DATASET:
━━━

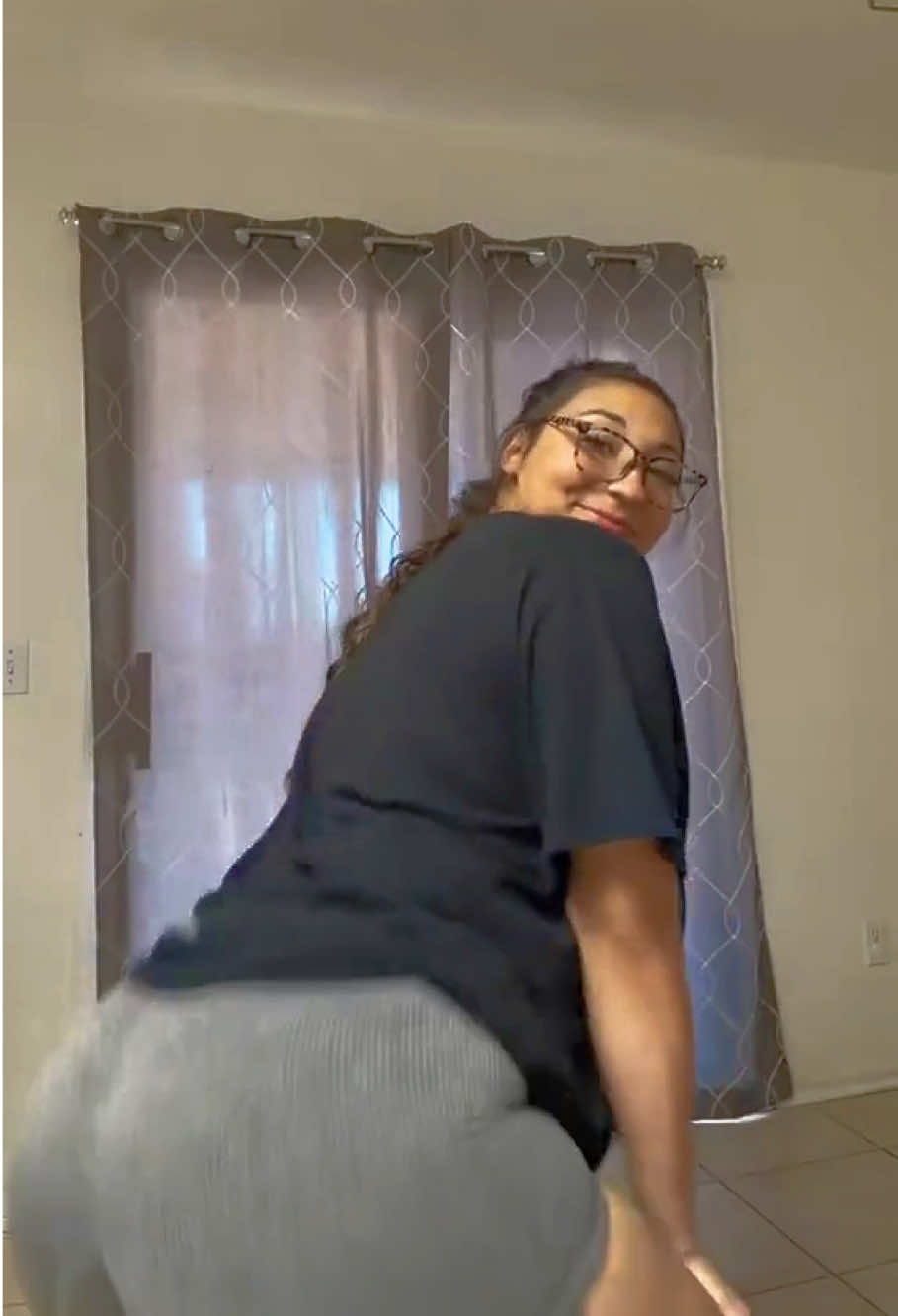 @_tiktokbaddies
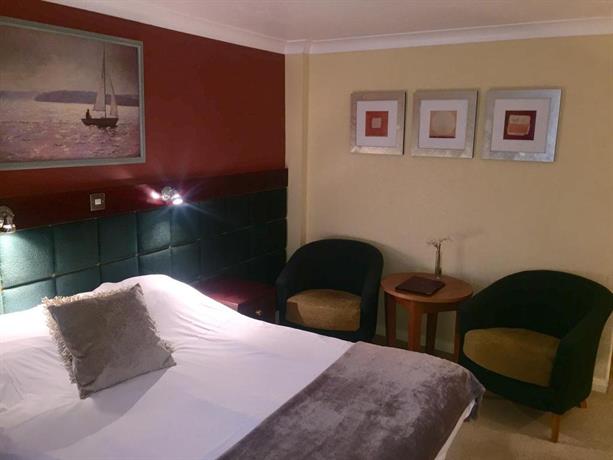 The Eaton Oak Inn
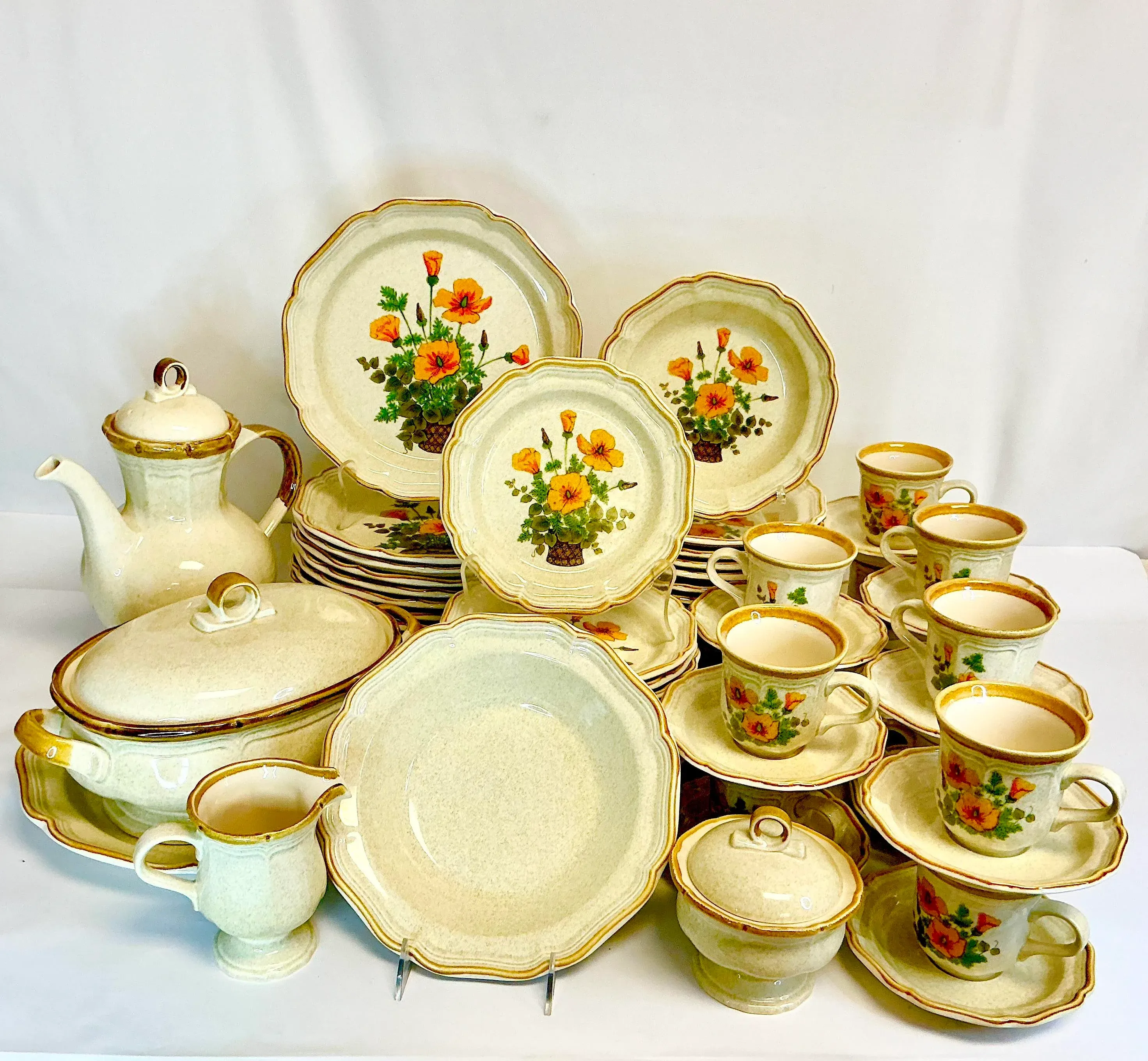 1970s Vintage Americana Arts & Crafts Mikasa Petunia Garden Club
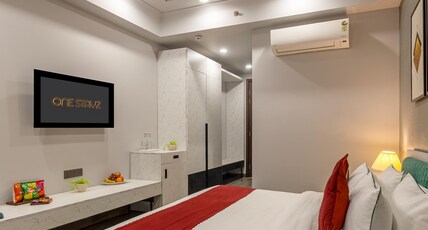 One Stayz near Sohna Road Gurugram Room Type - Deluxe Room One Stayz near Sohna Road Gurugram Room Type - Deluxe Room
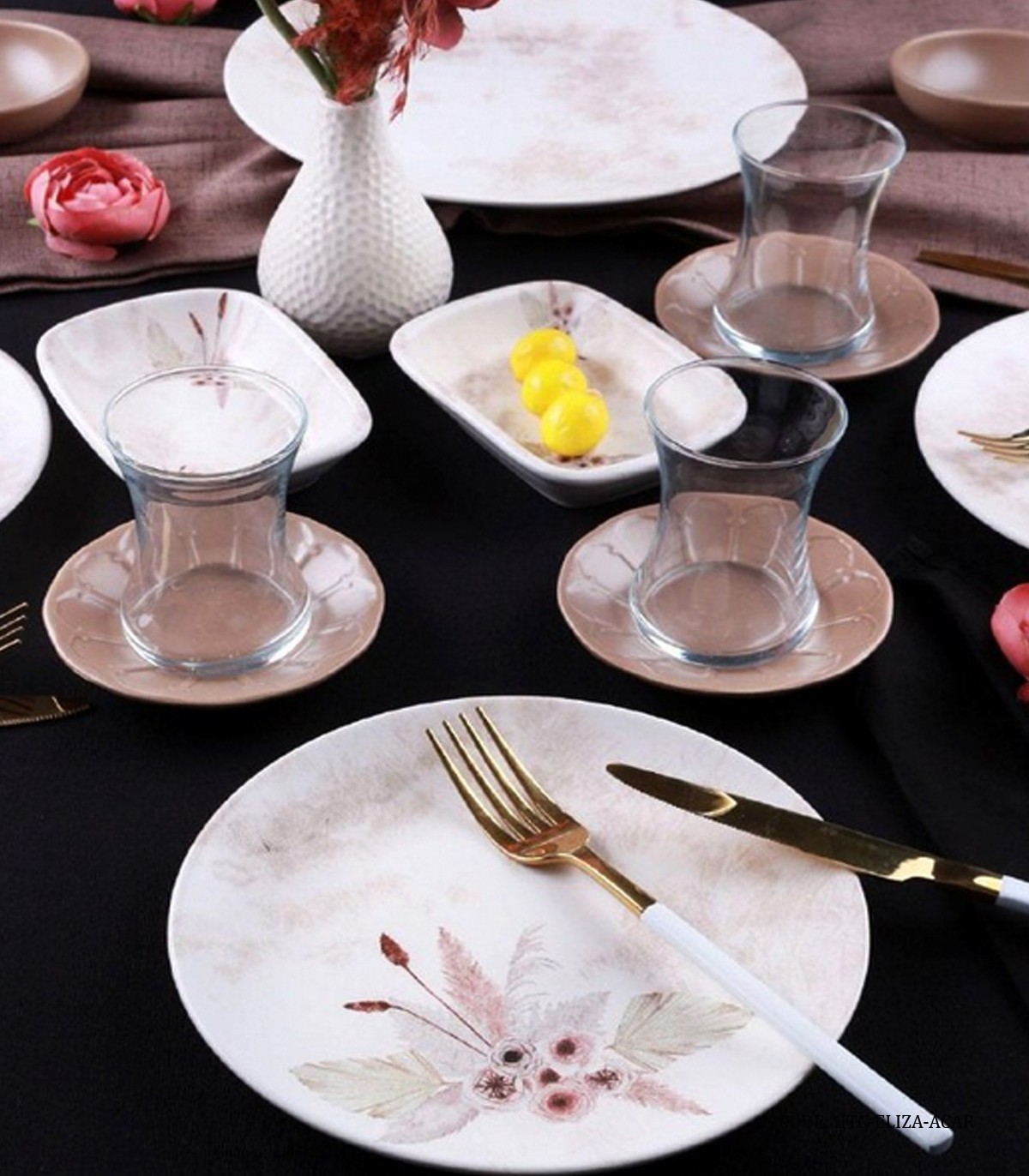 ست صبحانه خوری ترک 6 نفره 25 پارچه سرامیکی مدل Ada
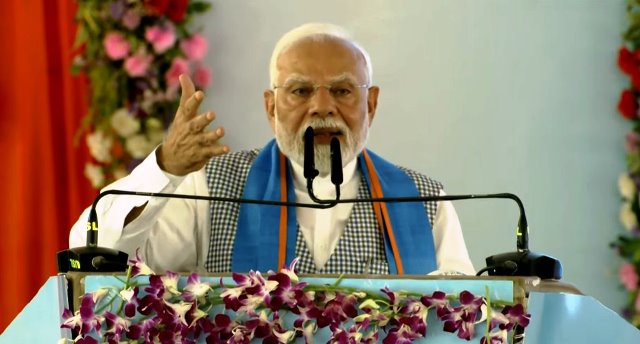 प्रधानमंत्री नरेन्द्र मोदी शुक्रवार को बिहार में जनसभा को संबोधित करते हुए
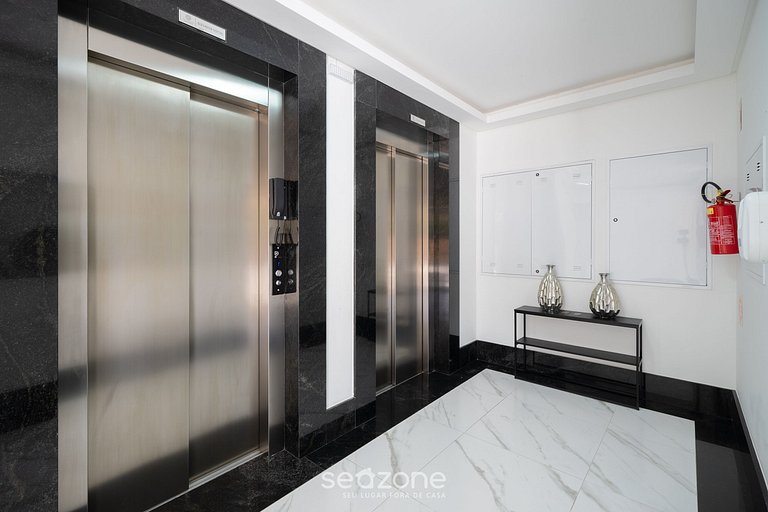 Bom apto c/2 quartos e varanda em Itapema RSN301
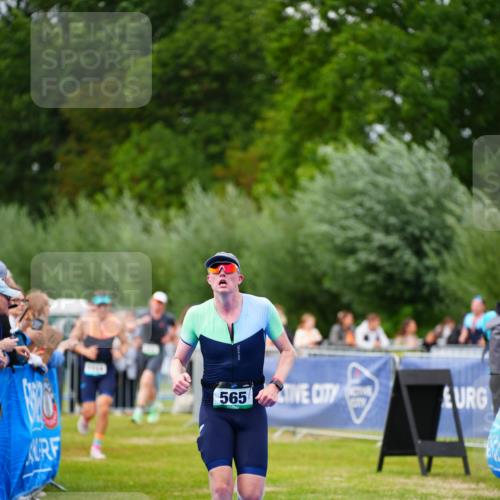 30.08.2026 - Elbe Triathlon Hamburg LAZAROV Photography http://msf.ph/oto/10056918 30.08.2026 11:14:29 Ziel 413, 565, 1054, 1114 meine-sportfotos.de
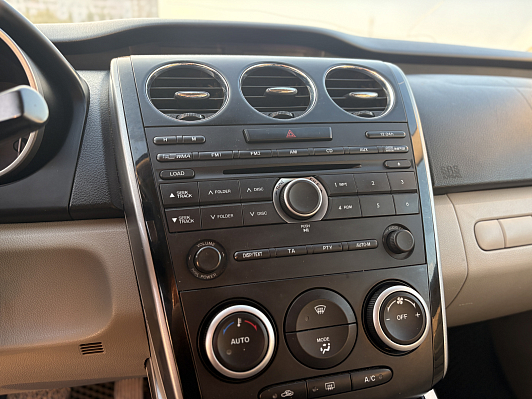 Mazda CX-7 Touring, 2011 года, пробег 262400 км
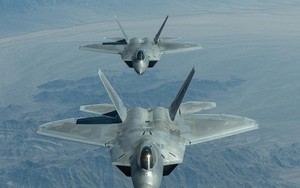 Tại sao F-22 hay F-35 có thể đánh bại tiêm kích tàng hình J-20 của Trung Quốc?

━━━

Print the material word for word without images.

 @_tiktokbaddies
 The Eaton Oak Inn
 1970s Vintage Americana Arts & Crafts Mikasa Petunia Garden Club
 One Stayz near Sohna Road Gurugram Room Type - Deluxe Room One Stayz near Sohna Road Gurugram Room Type - Deluxe Room
 ست صبحانه خوری ترک 6 نفره 25 پارچه سرامیکی مدل Ada
 प्रधानमंत्री नरेन्द्र मोदी शुक्रवार को बिहार में जनसभा को संबोधित करते हुए
 Bom apto c/2 quartos e varanda em Itapema RSN301
 30.08.2026 - Elbe Triathlon Hamburg LAZAROV Photography http://msf.ph/oto/10056918 30.08.2026 11:14:29 Ziel 413, 565, 1054, 1114 meine-sportfotos.de
 Mazda CX-7 Touring, 2011 года, пробег 262400 км
 Tại sao F-22 hay F-35 có thể đánh bại tiêm kích tàng hình J-20 của Trung Quốc?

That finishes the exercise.